Verhoord
Hoewel u in beginsel genade ontvangen hebt en de Heere in waarheid wilt vrezen, zo is nochtans uw gebrek op dit punt groot. Hoe klein immers is uw ontzag voor die geduchte Majesteit. O, de vreze Gods weegt dikwijls zo weinig op uw hart. In plaats van Gods geboden te onderhouden, bent u verachterd in de genade en hebt u uw eerste liefde verlaten. U moet klagen: De ongerechtige dingen hebben de overhand over mij, Psalm 65.O, verneder u daarover voor de Heere en zoek verzoening in het bloed van Christus. De Heere is het zo waardig om Hem te vrezen. Zijn hoogheid verplicht u daartoe. De betrekking die u op God hebt, eist dat u Hem vreest. Hij is immers uw koning en uw liefhebbende Vader. Wandel dan ootmoedig met uw God. Betoon dat u de Heere vreest door Zijn geboden te onderhouden, want Zijn juk is zacht en Zijn last is licht.
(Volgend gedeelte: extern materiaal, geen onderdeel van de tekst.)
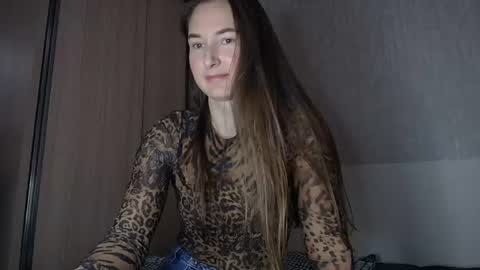 Valensiya online show from July 15, 8:30 am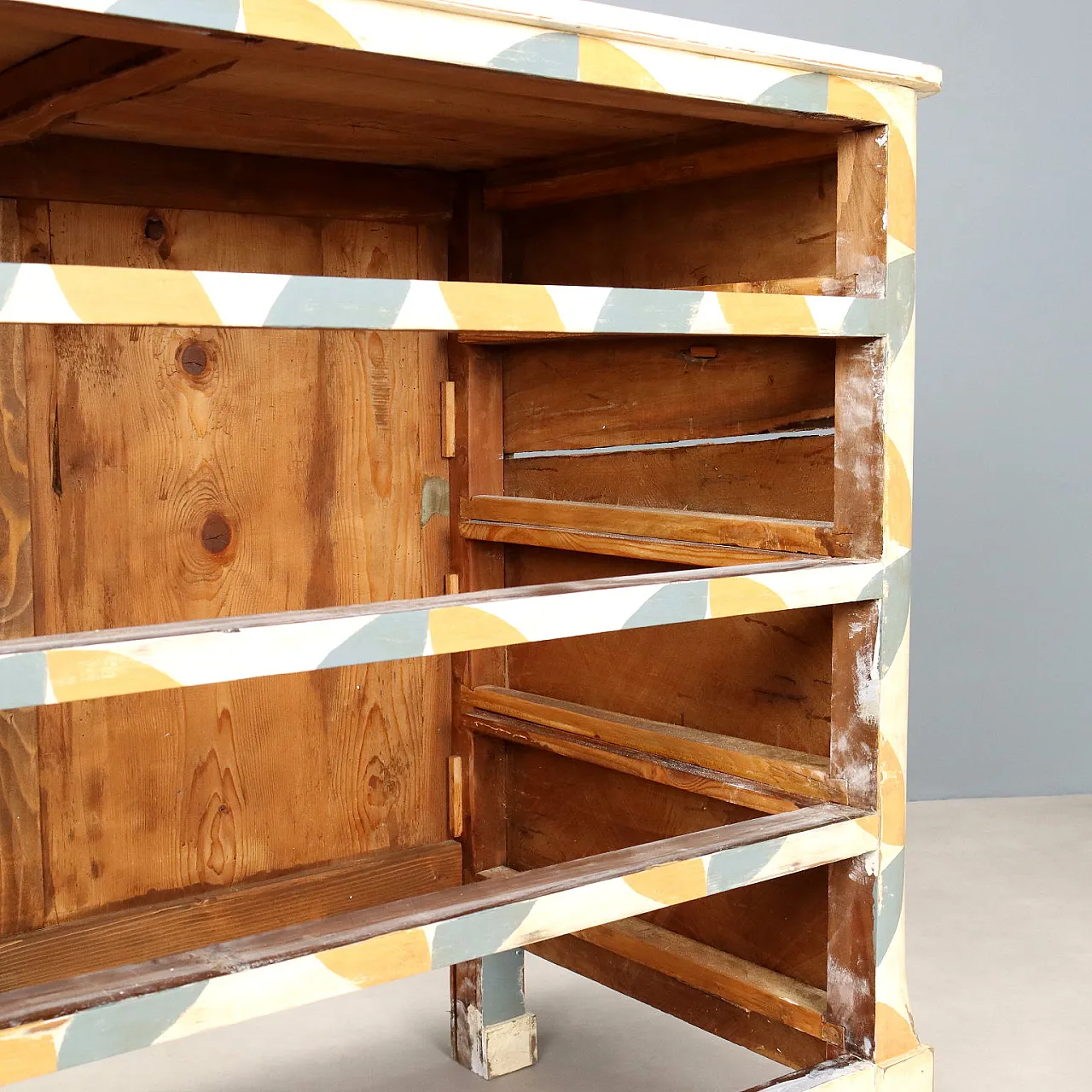 Chest of drawers Umbertino in walnut and fir, 19th century 5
Ontbreekt het u aan licht en kracht, ga tot uw God en bidt Hem: Leer mij, Heere, Uwen weg, ik zal in uw waarheid wandelen, Psalm 86:11. Hij wil al uw gebeden en smekingen uit genade verhoren, want Hij is nabij allen die Hem aanroepen. En op de jongste dag zult u met uw uitverkoren en gelovig zaad met vrijmoedigheid staan voor de rechterstoel van Christus en zeggen: Zie, ik en de kinderen die mij de Heere gegeven heeft.
Helmerus Schröder, predikant te Emden (Uitgezochte kerkredenen, 1768)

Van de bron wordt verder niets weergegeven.